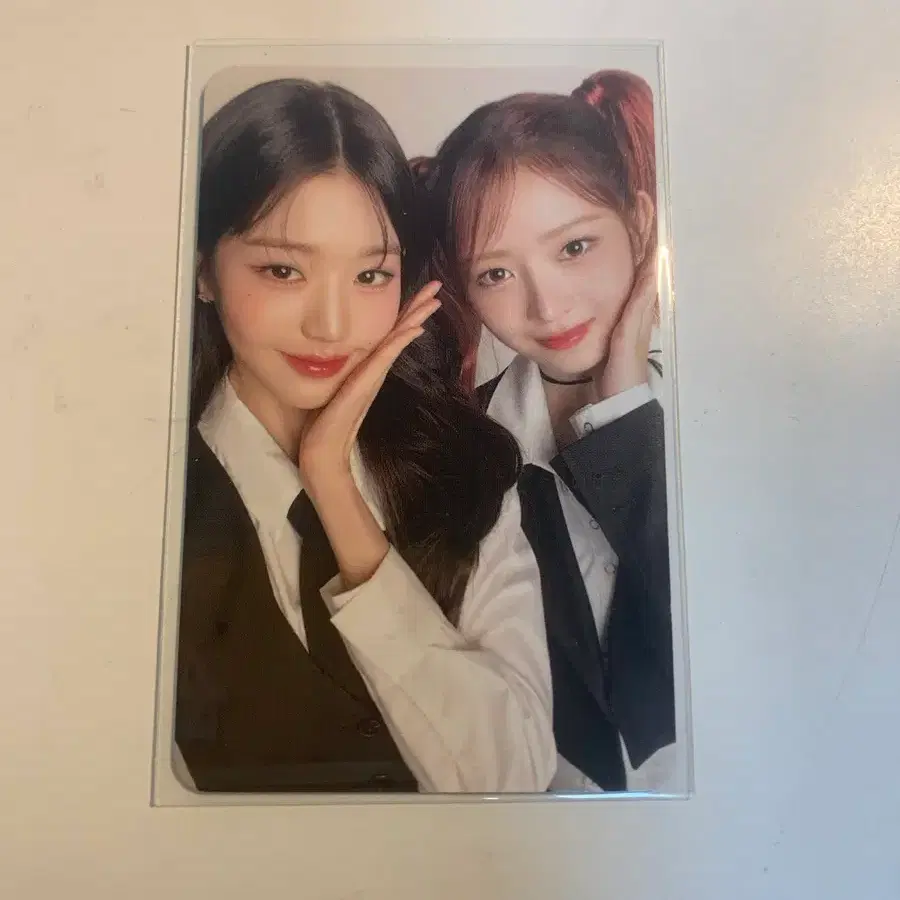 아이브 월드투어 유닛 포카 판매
***
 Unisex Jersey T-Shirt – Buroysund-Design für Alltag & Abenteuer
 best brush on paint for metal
***
About this exercise: Produce only the lines from the line containing "Unisex Jersey T-Shirt" through the line containing "best brush on paint for metal", inclusive of both, exactly as they stand in the entries above.

Output for this exercise:
 Unisex Jersey T-Shirt – Buroysund-Design für Alltag & Abenteuer
 best brush on paint for metal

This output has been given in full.